Por eso, su casi segura reelección –y control total del Congreso– es tan importante y de ella están pendientes los ojos de todos los influyentes.
Turquía no es un país más. La eterna bisagra entre Europa y Asia fue la responsable de la conquista de Constantinopla y la caída del Imperio Bizantino en el siglo XV, gracias a Mehmet II, lo que permitió la expansión de los otomanos en los Balcanes, Europa del Este, Medio Oriente y el norte de África.
A inicios del siglo XX, tras la derrota del Imperio Otomano en la Primera Guerra Mundial, estuvieron a punto de ser reducidos a la mínima expresión ante la repartija de británicos y franceses. Pero los turcos renacieron como república de la mano de Atatürk, quien sentó las bases de lo que hoy es Turquía. Justamente, este 2023 se cumple el primer siglo de la fundación del país como una república democrática, secular, unitaria y constitucional.
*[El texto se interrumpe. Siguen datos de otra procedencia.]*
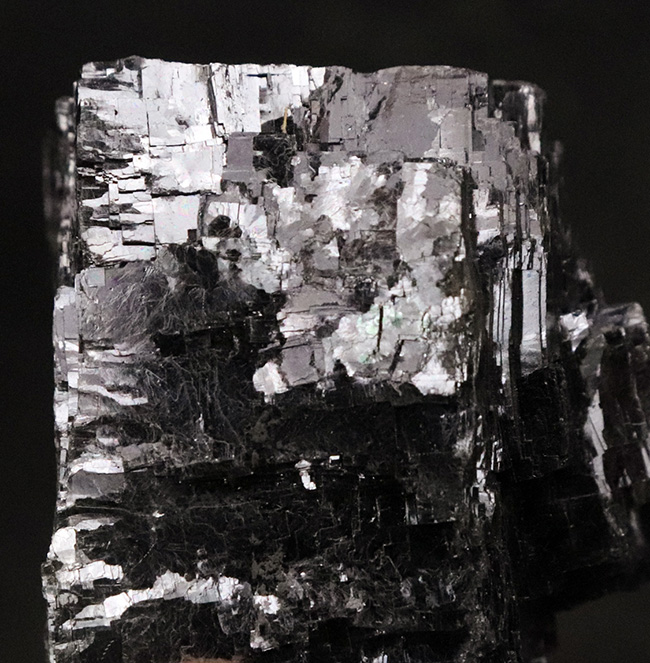 見た目以上の、驚きの重量感｜岐阜県神岡鉱山産 方鉛鉱（Galena） 金属光沢と立方結晶が美しいコレクション標本（その2）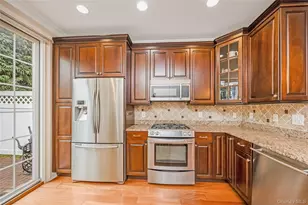 246 Roosevelt Way, Westbury, NY 11590 - Photo 7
Pero la Turquía de Erdogan –que además es miembro de la OTAN– se ha ido alejando de estos principios. Su autoritarismo, populismo, nacionalismo y copamiento de las instituciones y medios de comunicación ha ido de la mano de un islamismo cada vez más radical, factores que siguen preocupando a Occidente, por lo que no han dudado en ponerlo desde hace años en el mismo saco en el que están Putin en Rusia y Orbán en Hungría.
Sin embargo, suele ocurrir que, cuando se analiza la política exterior, se tiende a ver desde un prisma europeo o americano y de acuerdo a los intereses que promueven las grandes potencias.
Esto no exime de responsabilidad a Erdogan (ni a Putin, Orbán o Modi en la India), pero es importante entender el contexto en el que estos presidentes se manejan. Vivimos en tiempos en donde los extremismos marcan la pauta, en los que líderes carismáticos y populistas saben tocar los botones sensibles de la población, como el orgullo nacional y el rechazo al diferente (generalmente, un inmigrante devenido invasor).
En el caso de Turquía, la fibra nacionalista ha pesado mucho más para el elector que su alicaída economía, pues el país no levanta cabeza ante la devaluación de su moneda y la elevada inflación; o que la mala gestión evidenciada con la lentísima respuesta del gobierno tras el último terremoto que dejó nada menos que 50.000 muertos.